C’est lors d’une soirée, avec quelques regards de ce Thomas, que l’on comprend que cette union sera la source de sérieux problèmes. Lorsque Vincent apprend à Rebecca qu’il n’est pas agent immobilier freelance, c’est le clash. Mais bientôt elle marche avec lui, c’est-à-dire qu’elle se joint à lui pour satisfaire la libido et les fantasmes de la clientèle, notamment d’un ophtalmo porté sur les coups. C’est sur ce terrain – norme et déviance des désirs – que Complices présente ses meilleurs passages d’un point de vue cinématographique. Empreinte d’un soin naturaliste trop sage et un peu scolaire par ailleurs, le traitement des corps dénudés est marqué par une belle captation de ceux-ci, en étant près d’eux, dans un geste de mise en scène empathique et sensuel. Ce sont plus encore les scènes de prostitution qui présentent davantage de tensions, cela peut passer par un simple regard des deux amant par-dessus l’épaule du client.
Polar et histoire d’amour, le film est aussi celui de la solitude complice du duo de policier, qui agit en contrepoint des amours et désirs brûlants de Rebecca et Vincent. Karine cherche l’âme sœur sur internet, allant de frustrations en consternations.
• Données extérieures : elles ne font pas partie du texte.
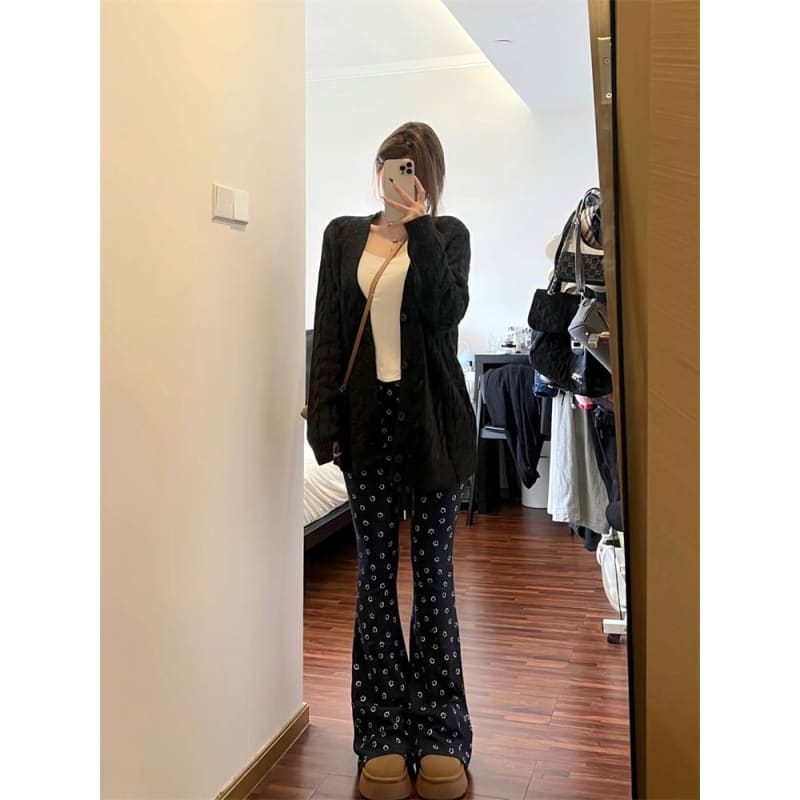 High Waist Smiley Face Print Flared Pants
Hervé représente une forme de renoncement et d’inhibition face à la chose sentimentale, comme s’il avait choisi, pour se protéger, d’être tiède et terne. Le système d’allées et venues entre l’enquête et les prémices du meurtre nourrit la posture touchante de ces quadragénaires et forme un portrait aigre-doux du chemin que l’on veut/peut bien donner à une existence. Il est certain que le duo de policiers vit quelque chose par procuration à mesure qu’il éclaire l’intensité de la relation entre Vincent et Rebecca. Si globalement le casting fait merveille (à l’exception du second rôle Thomas, un net cran en dessous), il faut souligner combien le sens de la fantaisie de Gilbert Melki, sa capacité à se placer et à naviguer à l’interstice de la drôlerie et de la gravité, du contrôle et de l’abandon, est un spectacle à lui tout seul.
Si Complices s’avère honorable, on regrette une forme d’intermittence, une indéniable valeur y cohabite avec une certaine banalité. Avec un genre plutôt maltraité, on pourra toujours dire que ce n’est pas si mal, mais on peut penser que Frédéric Mermoud et ses comédiens avaient potentiellement un film plus dense qui leur tendait les bras, notamment en resserrant davantage le récit sur les aspérités et en s’éloignant d’aspects qui ressemblent à s’y méprendre à des figures imposées.